__EXERCISE DIRECTIONS__. From the first line to the last, give the records again exactly and skip the pictures.

__RECORDS SUPPLIED__.
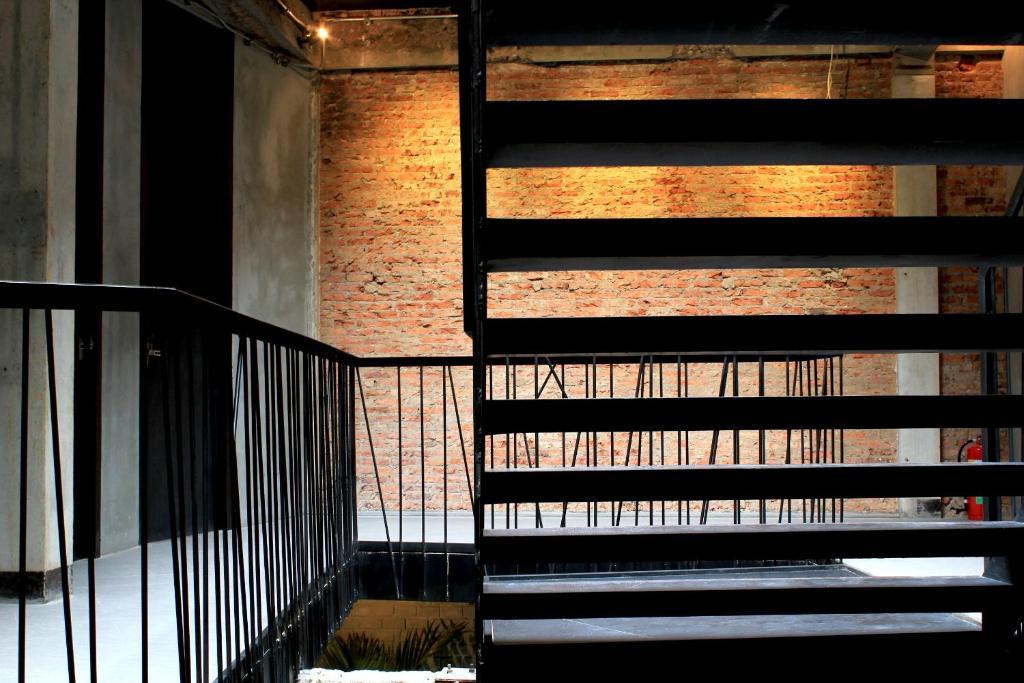 Thrive The Hostel : Patpong By The Belle Bangkok Exterior foto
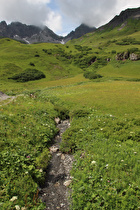der Zürsbach unterhalb des Flexenpasses, Blick flussaufwärts …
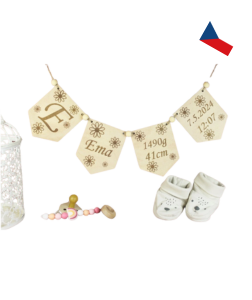 JH WoodArt Dřevěná girlanda k narození dítěte 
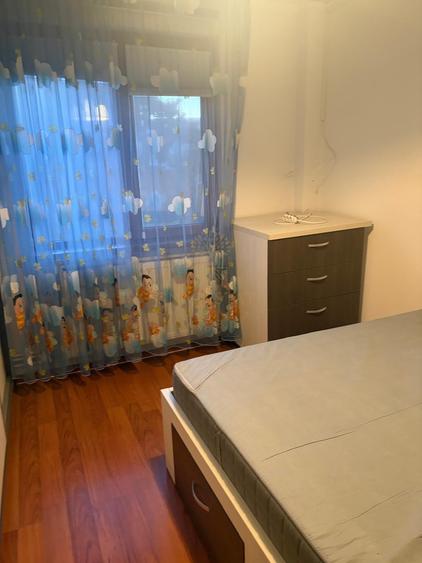 Apartament cu 3 camere semidecomandat, mobilat în Crângași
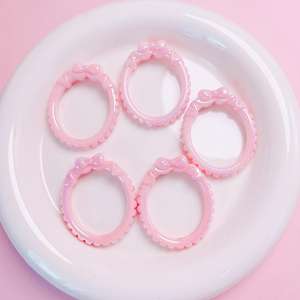 Vente en gros de cadre photo ovale de couleur de haute qualité avec nœud mignon perlé porte-clés bricolage pendentif de voiture perles acryliques - Product Image 4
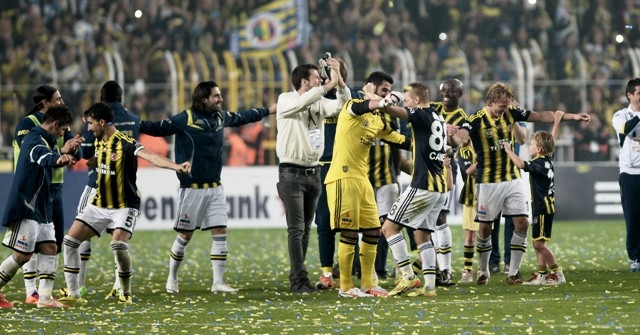 ŞAMPİYON FENERBAHÇE (YER SARI GÖK LACIVERT) 82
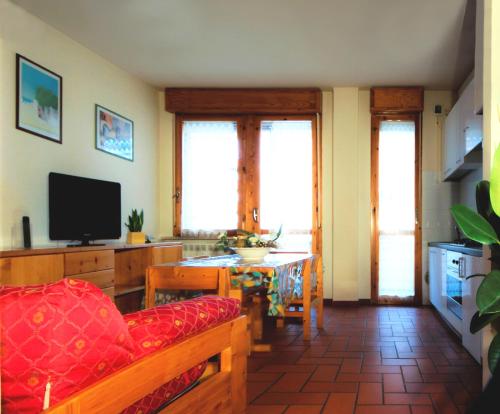 Μια τηλεόραση ή/και κέντρο ψυχαγωγίας στο Residence Isola Verde Cisanello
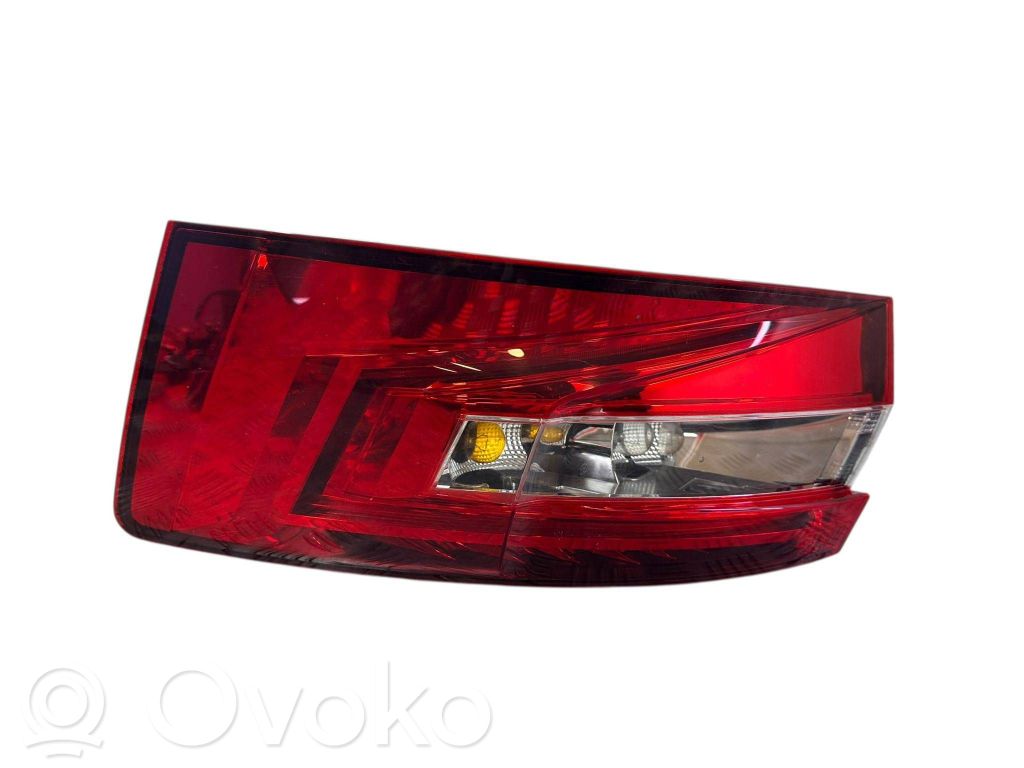 Skoda Superb B8 (3V) Lampa tylna 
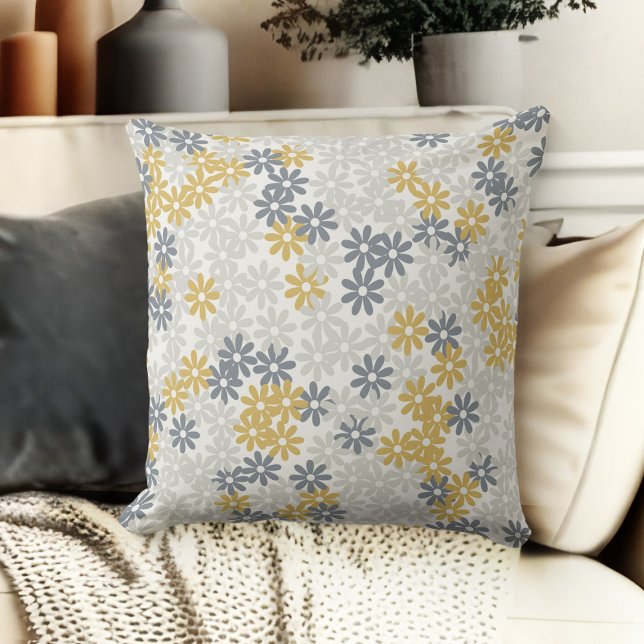 Grijs blauw en goud bloemige madeliefjes bank kussen (throw pillow for living room floral couch throw pillow grey, blue, gold and beige)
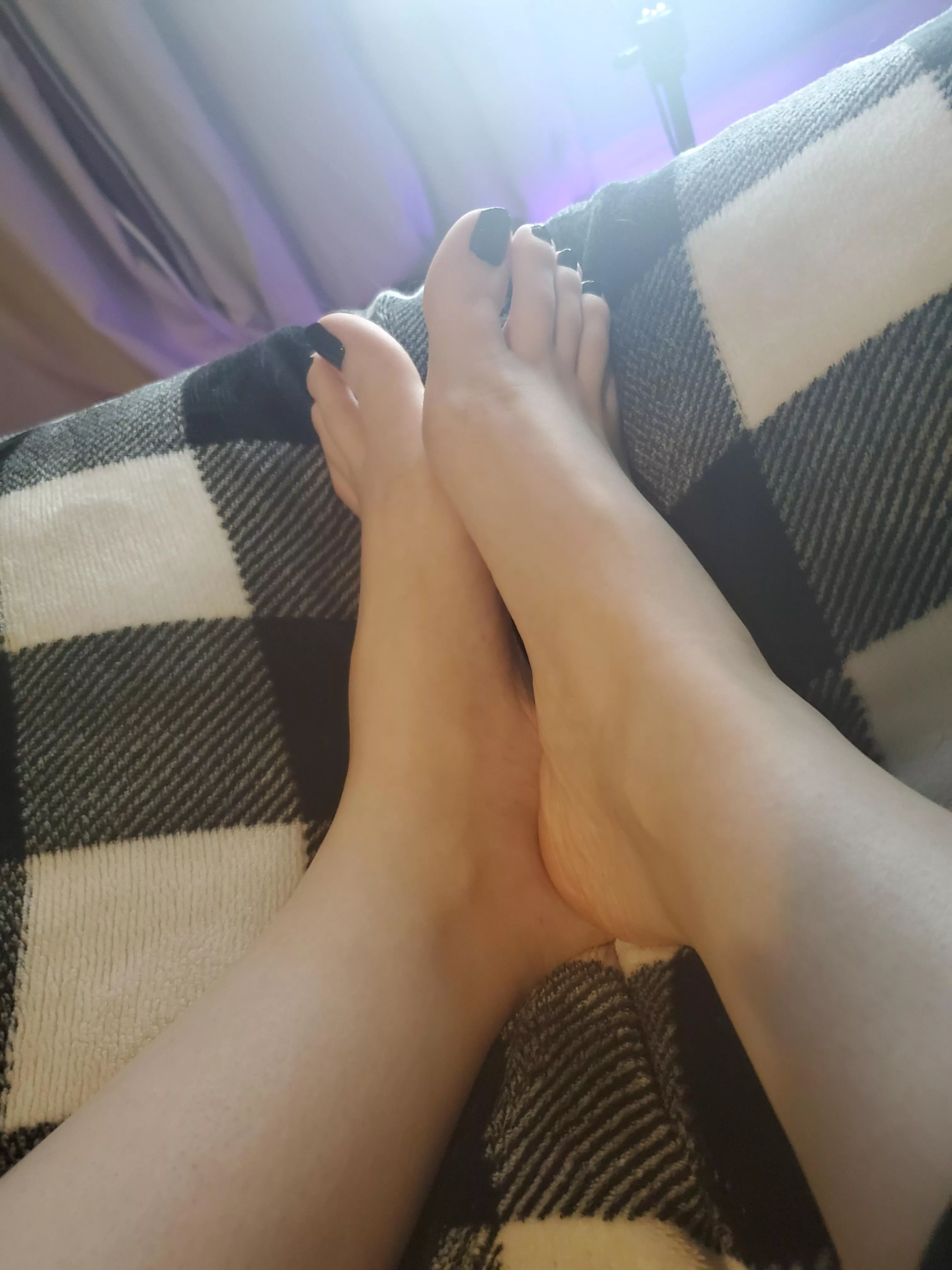 My feet need to be rubbed want to help?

__SOLUTION FOR THIS PROBLEM__.
 Thrive The Hostel : Patpong By The Belle Bangkok Exterior foto
der Zürsbach unterhalb des Flexenpasses, Blick flussaufwärts …
 JH WoodArt Dřevěná girlanda k narození dítěte 
 Apartament cu 3 camere semidecomandat, mobilat în Crângași
 Vente en gros de cadre photo ovale de couleur de haute qualité avec nœud mignon perlé porte-clés bricolage pendentif de voiture perles acryliques - Product Image 4
 ŞAMPİYON FENERBAHÇE (YER SARI GÖK LACIVERT) 82
 Μια τηλεόραση ή/και κέντρο ψυχαγωγίας στο Residence Isola Verde Cisanello
 Skoda Superb B8 (3V) Lampa tylna 
 Grijs blauw en goud bloemige madeliefjes bank kussen (throw pillow for living room floral couch throw pillow grey, blue, gold and beige)
 My feet need to be rubbed want to help?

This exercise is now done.